◆ Aim of the exercise ◆
Images excepted, the data below must be repeated exactly.

◆ The data ◆
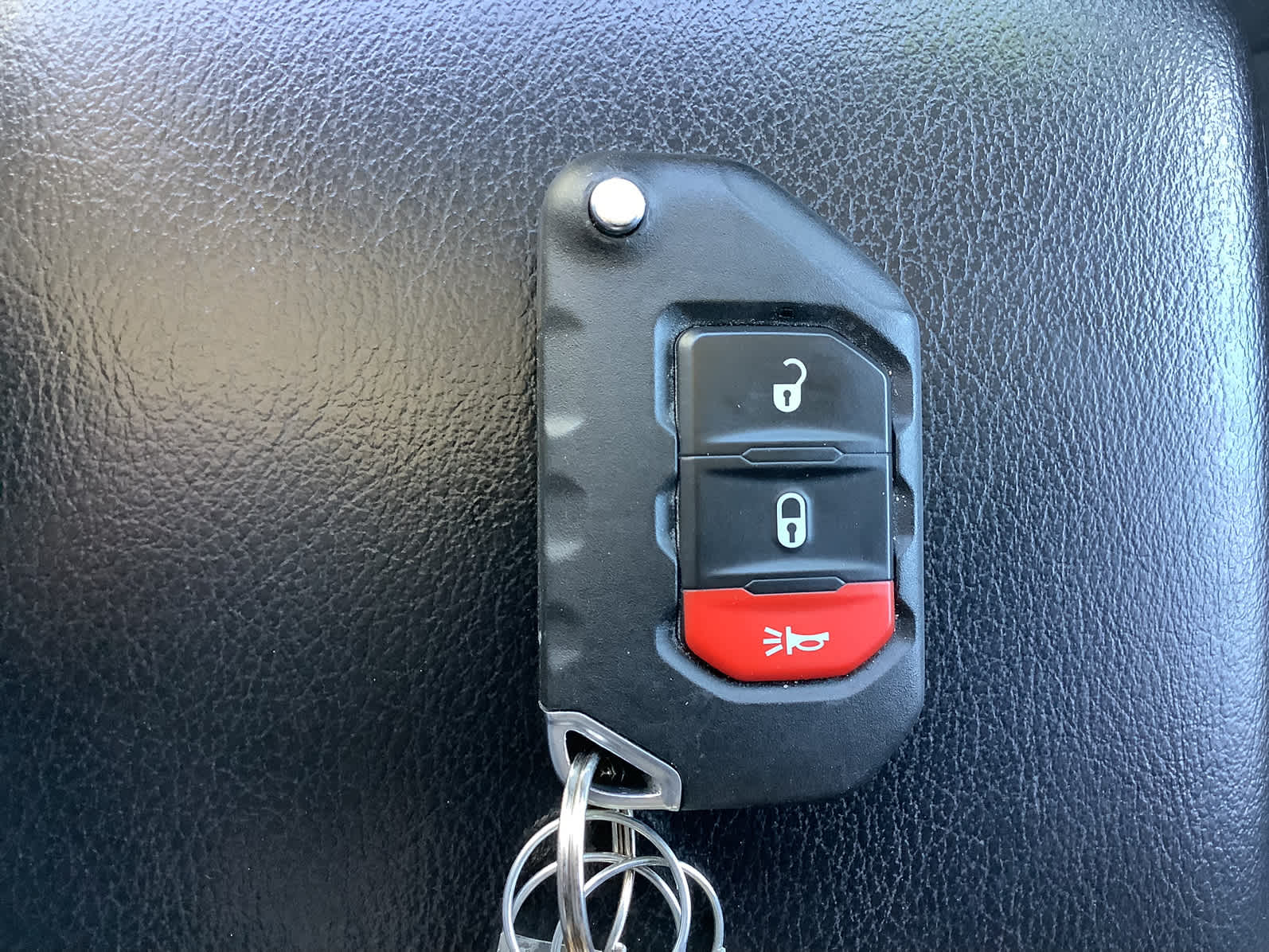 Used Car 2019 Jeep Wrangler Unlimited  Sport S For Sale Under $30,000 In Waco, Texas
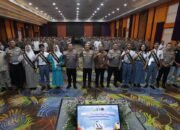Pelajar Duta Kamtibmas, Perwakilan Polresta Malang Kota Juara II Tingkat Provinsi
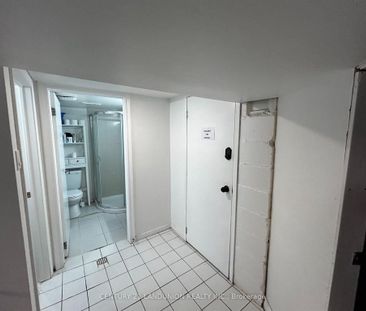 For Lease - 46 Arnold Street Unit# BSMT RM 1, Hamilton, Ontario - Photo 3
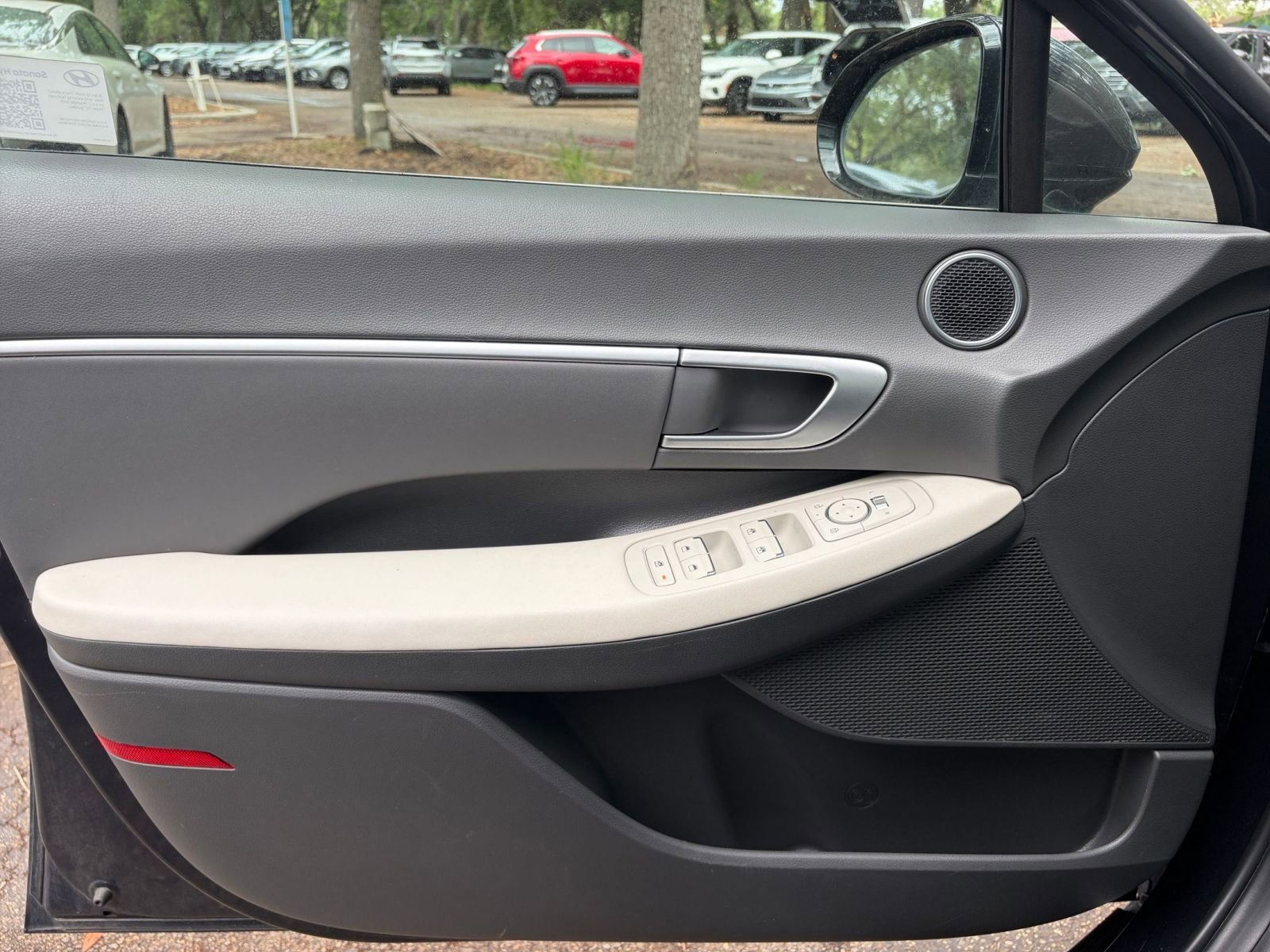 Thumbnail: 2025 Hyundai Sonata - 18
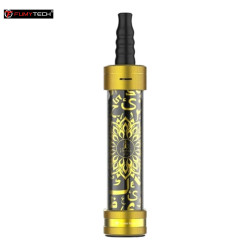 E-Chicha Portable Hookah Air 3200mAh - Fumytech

◆ Solution ◆
 Used Car 2019 Jeep Wrangler Unlimited  Sport S For Sale Under $30,000 In Waco, Texas
Pelajar Duta Kamtibmas, Perwakilan Polresta Malang Kota Juara II Tingkat Provinsi
 For Lease - 46 Arnold Street Unit# BSMT RM 1, Hamilton, Ontario - Photo 3
 Thumbnail: 2025 Hyundai Sonata - 18
 E-Chicha Portable Hookah Air 3200mAh - Fumytech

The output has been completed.